■ **Work required**:
Transcribe the entries exactly; images are not part of the copy.

■ **Dataset excerpts**:
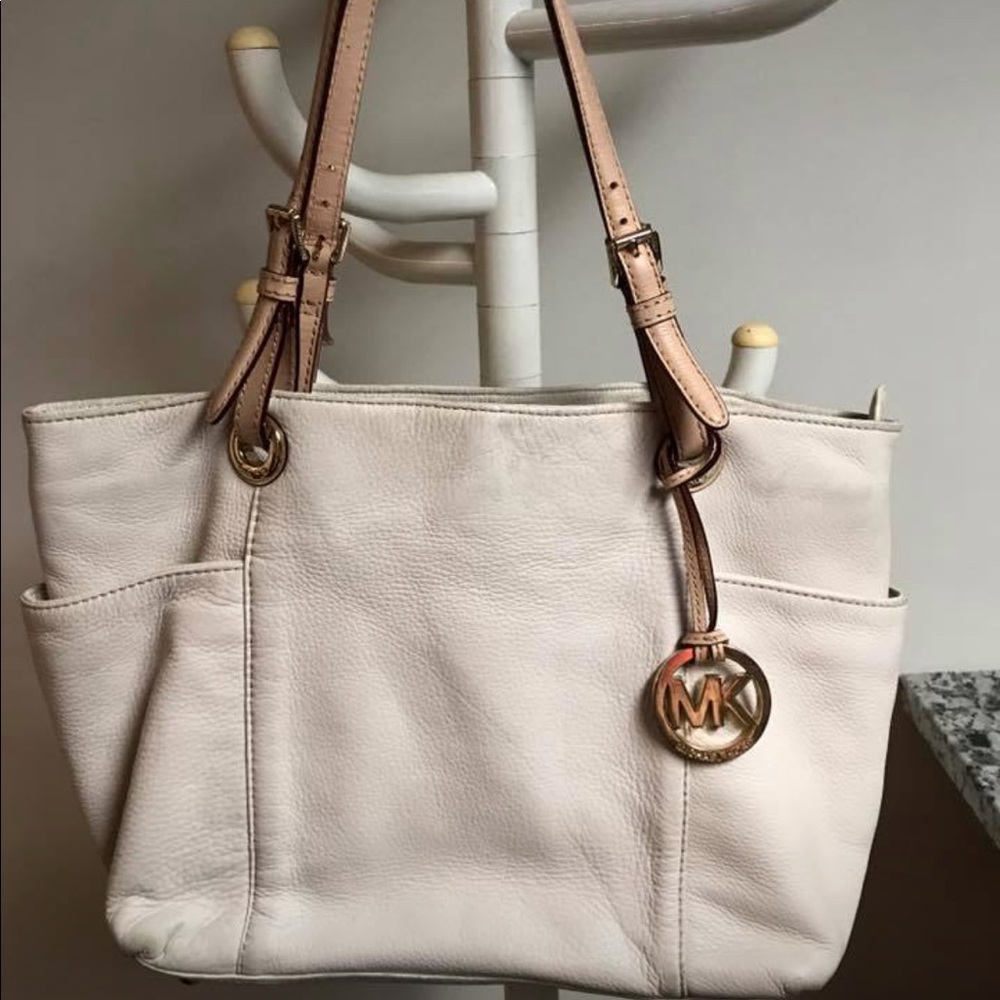 MK purse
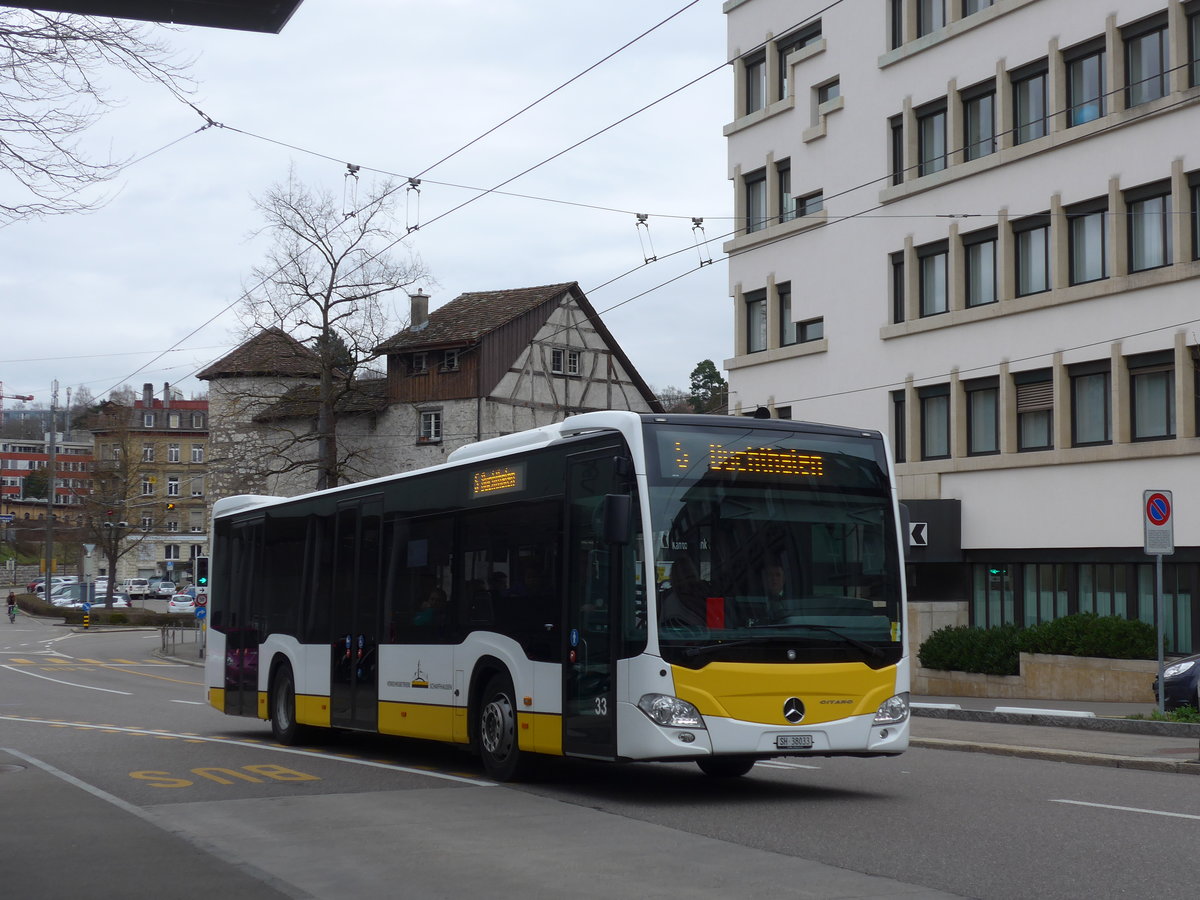 (179'045) - VBSH Schaffhausen - Nr. 33/SH 38'033 - Mercedes am 20. M�rz 2017 beim Bahnhof Schaffhausen
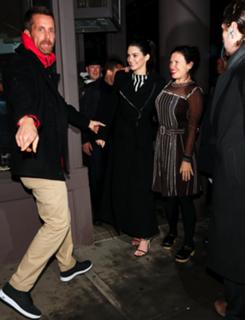 Kendall Jenner feet photo thumbnail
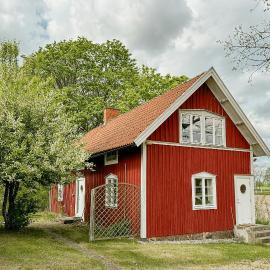 Traditional Red House By The Lake In Småland，位于Åby的酒店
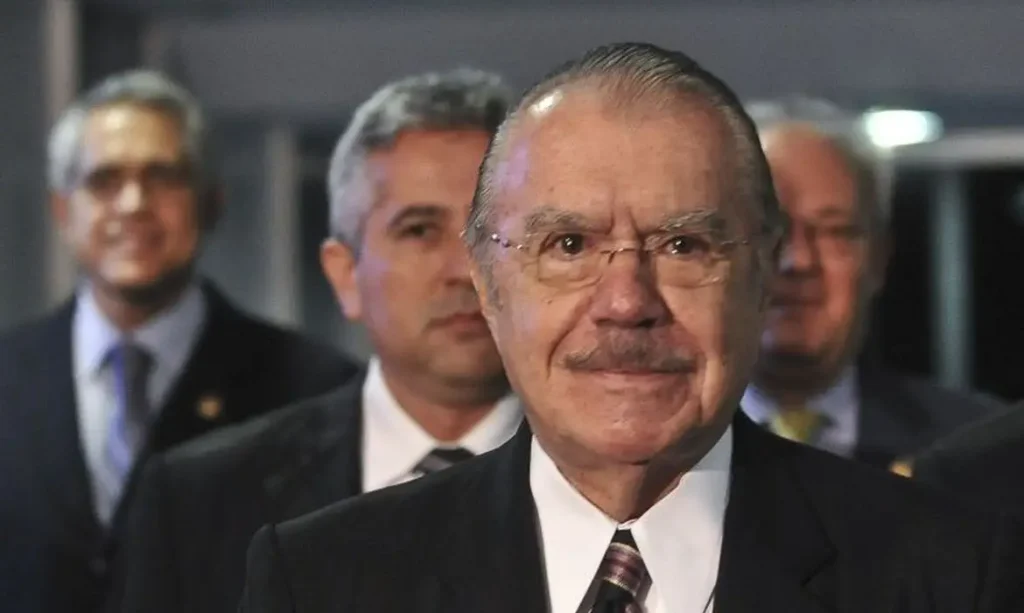 José Sarney dá entrada na UDI, em São Luís, com pneumonia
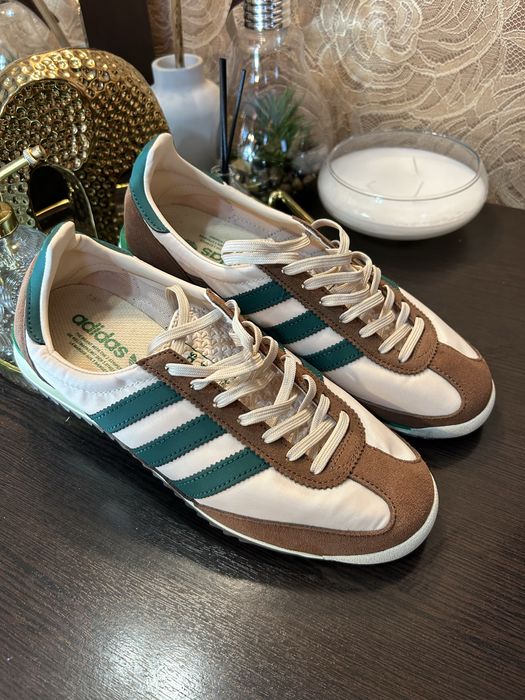 Кроссовки Adidas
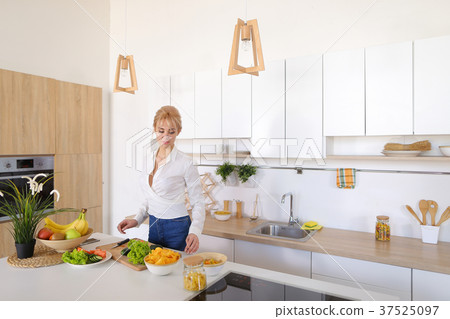 Slender blonde woman completes preparation of Slender blonde woman completes preparation of 37525097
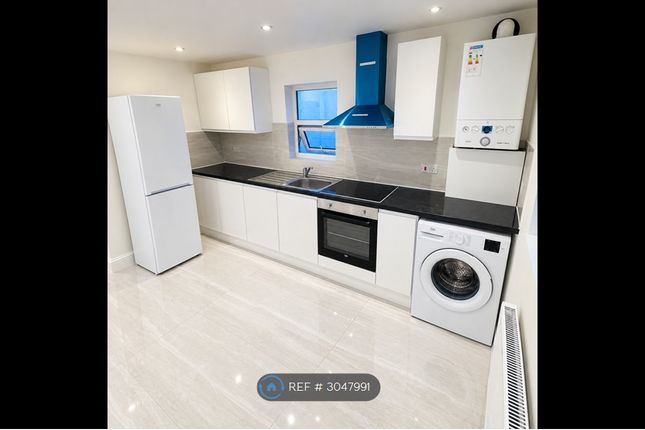 B Ecclesbourne Road, London photo 3
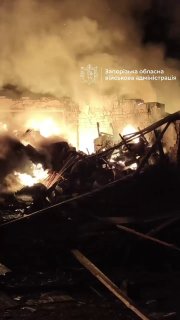 Шесть человек погибли и 19 пострадали в результате удара ракетами и авиабомбами по Запорожью (находится под контролем Украины), рассказал глава областной администрации.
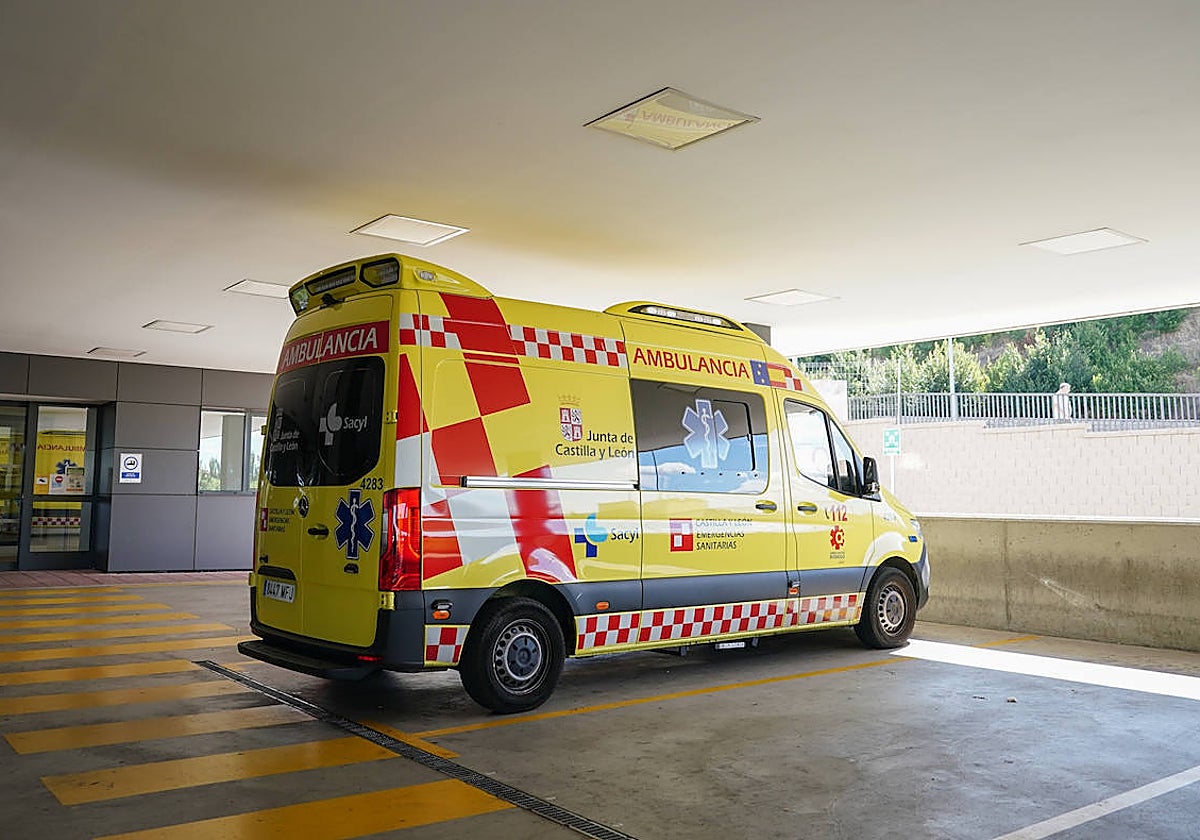 Imagen de archivo de una ambulancia en el Hospital Clínico Universitario.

■ **Answer to this task**:
 MK purse
 (179'045) - VBSH Schaffhausen - Nr. 33/SH 38'033 - Mercedes am 20. M�rz 2017 beim Bahnhof Schaffhausen
 Kendall Jenner feet photo thumbnail
 Traditional Red House By The Lake In Småland，位于Åby的酒店
 José Sarney dá entrada na UDI, em São Luís, com pneumonia
 Кроссовки Adidas
 Slender blonde woman completes preparation of Slender blonde woman completes preparation of 37525097
 B Ecclesbourne Road, London photo 3
 Шесть человек погибли и 19 пострадали в результате удара ракетами и авиабомбами по Запорожью (находится под контролем Украины), рассказал глава областной администрации.
 Imagen de archivo de una ambulancia en el Hospital Clínico Universitario.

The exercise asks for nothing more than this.